After nearly a decade and a half of losing seasons coupled with severe disappointment, I don’t even know who the Baltimore Orioles are anymore. I can admit it, finally. It’s like a break-up where you wistfully look back in retrospect, wondering where the feelings you once had have gone. You wake up with the realization of the present and that sinking feeling that you can’t go back. Time moves forward and people change. Except, in this case, they are literally different people… ones who never knew you existed, no less. But it feels just as heartbreaking.

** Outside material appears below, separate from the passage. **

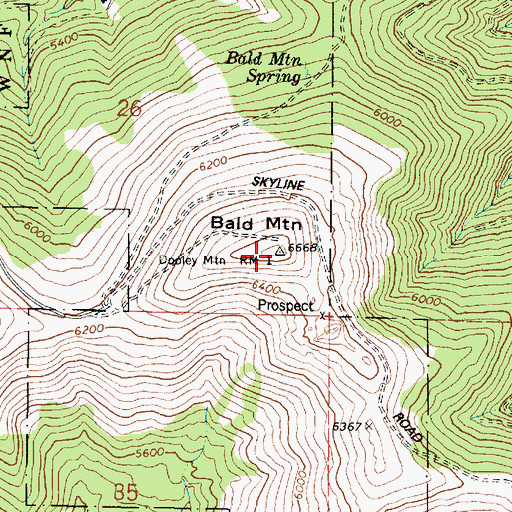 Topographic Map of Bald Mountain, OR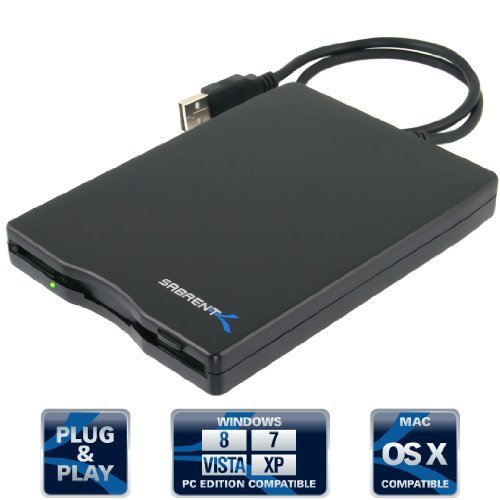 Sabrent Externes Diskettenlaufwerk (1,44 MB, USB 2.0) Schwarz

Gone are the faces I knew and loved: Brady Anderson, Mike Devereaux, Harold Baines, Chris Hoiles and, of course, Cal Ripken, Jr. These are the heroes of whom I would spend hours pouring through and memorizing their statistics, cheering them on from the stands and waiting for the chance to maybe -- just maybe -- get their autographs. Who has replaced them? Beats me. Sure, I can spout off names like Adam Jones and Jim Johnson while in polite conversation, but it doesn’t mean anything. The dynamic has shifted. I’ll feign hope for their success, but deep down, I no longer give a shit. I’m an Orioles poseur.

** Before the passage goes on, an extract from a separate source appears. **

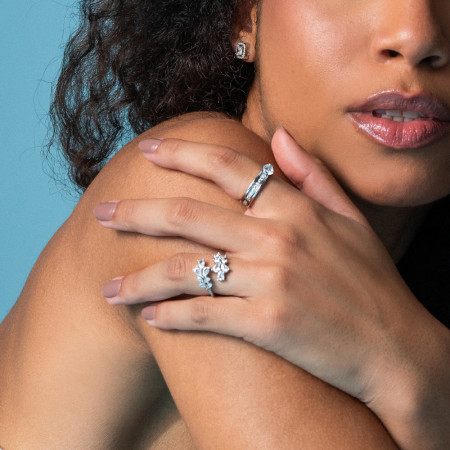 Anel Prata c/ Ródio Aberto Zircônias Gotas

Without a team to root for, I guess I’m still a baseball fan on a technical level, but the game itself has evolved. I understand the significance of WHIP and still enjoy the occasional fantasy league, but I’m not cut out for today’s culture of fast-paced sabermetrics analysis and hyper aggressive coverage. My piece of the game has been stripped away, replaced by stats I can’t understand and a style of play I barely respect.
And Christ, baseball fans are so obnoxious nowadays. When did we get so boorish? When did the violent line of zealotry blur, making us more akin to our brutish cousins (hockey fans) than ever before? There used to be a certain dignity to watching the game. Now I feel like baseball is just another xtreme deathmatch. I long for the days of George Will.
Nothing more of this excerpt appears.